▶ _HOW TO COMPLETE THIS TASK_: Your answer must be an exact repeat of the lines from the one containing "Shiwi Shiwi Jurk" through the last line of the records, both included, with no pictures.

---------- EXERCISE DATA ----------

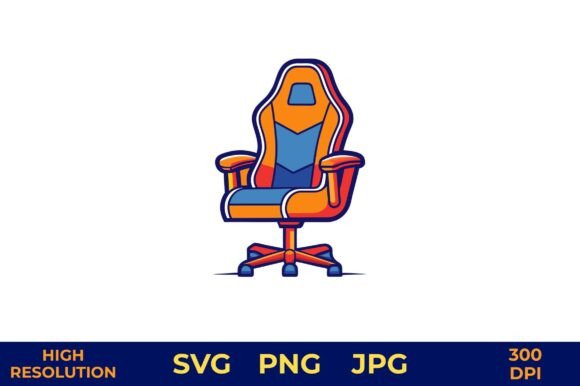 Vector Gaming Chair in Bold Colors: A Vibrant Graphic Asset for Content Publishers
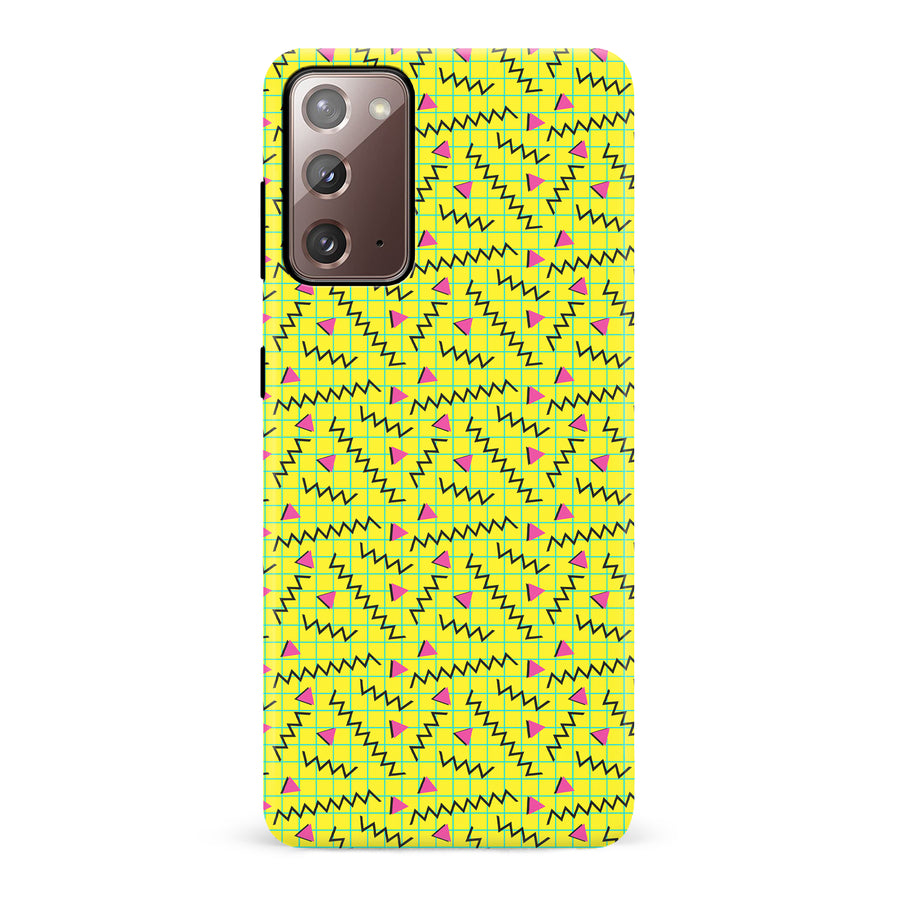 Samsung Galaxy Note 20 Retro Graph Paper Phone Case in Yellow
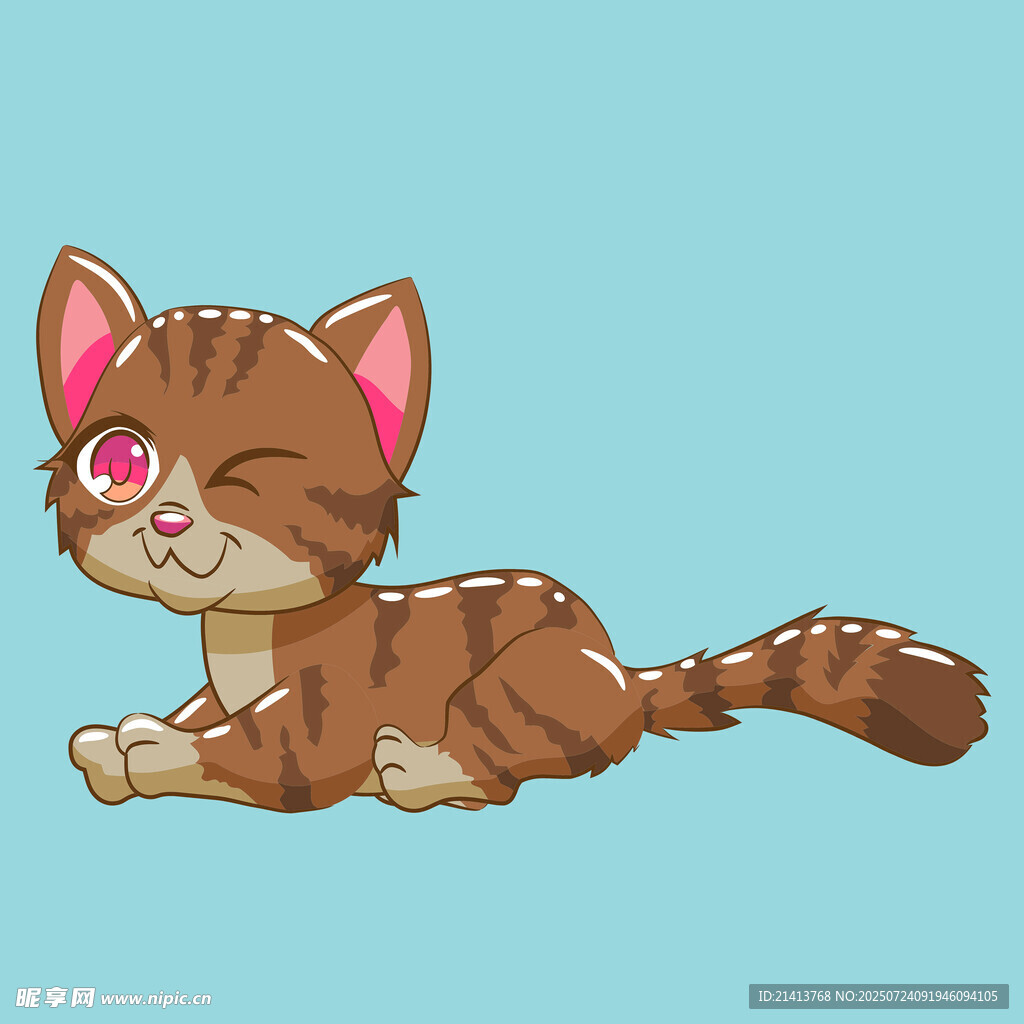 眨眼的萌态小猫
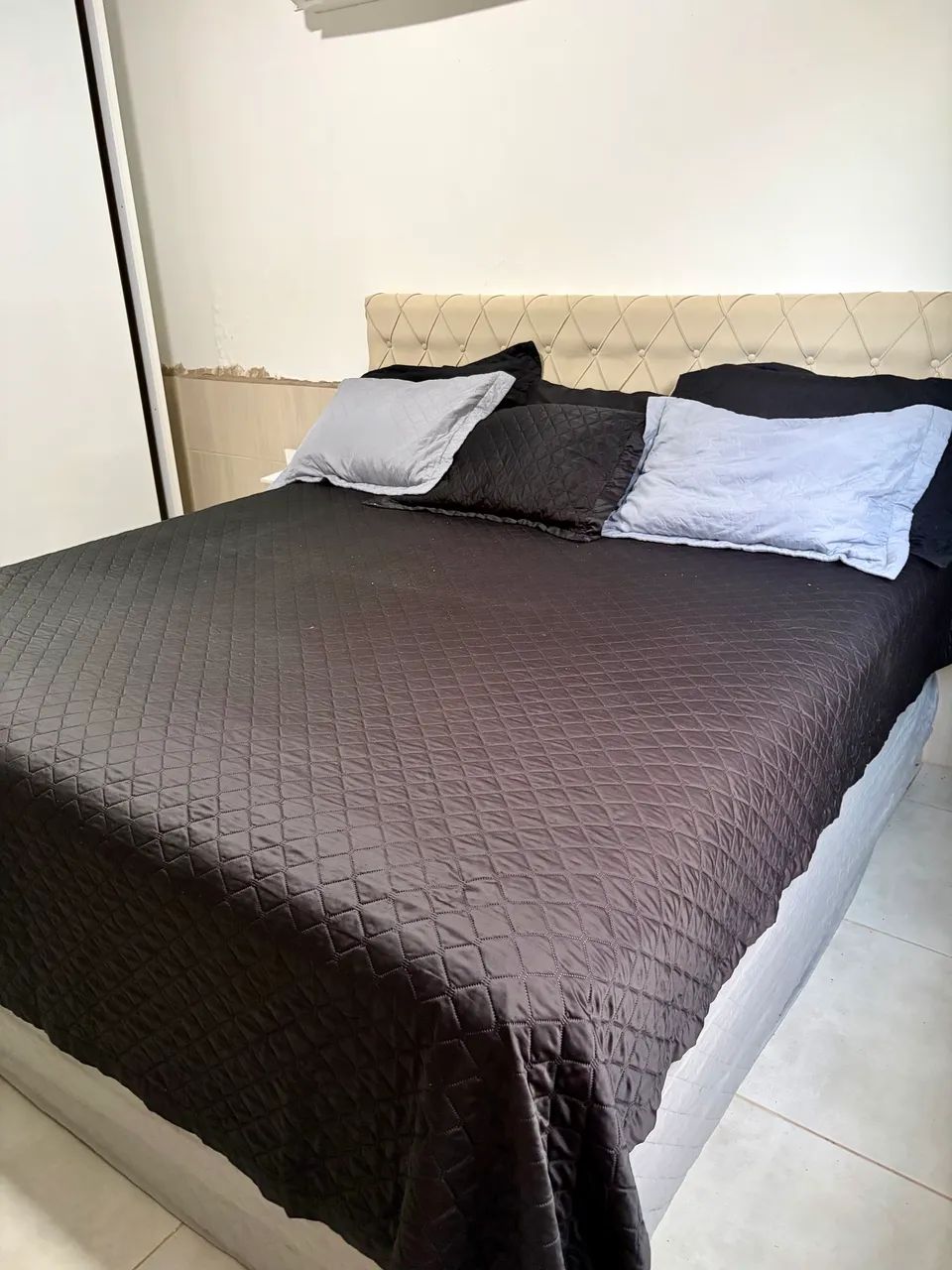  Cama Box Super King (colchão + Box) 193x203x60 de Molas Ensacadas Cama Premium Bege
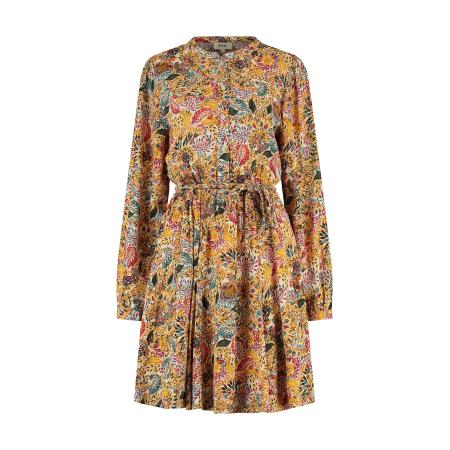 Shiwi Shiwi Jurk Josette turquoise / mosterd / koraal / wit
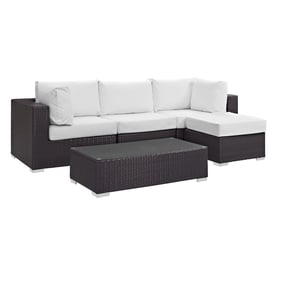 Modway Furniture Convene Espresso White 5pc Outdoor Patio Sectional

----------

▶ _SOLUTION_:
 Shiwi Shiwi Jurk Josette turquoise / mosterd / koraal / wit
 Modway Furniture Convene Espresso White 5pc Outdoor Patio Sectional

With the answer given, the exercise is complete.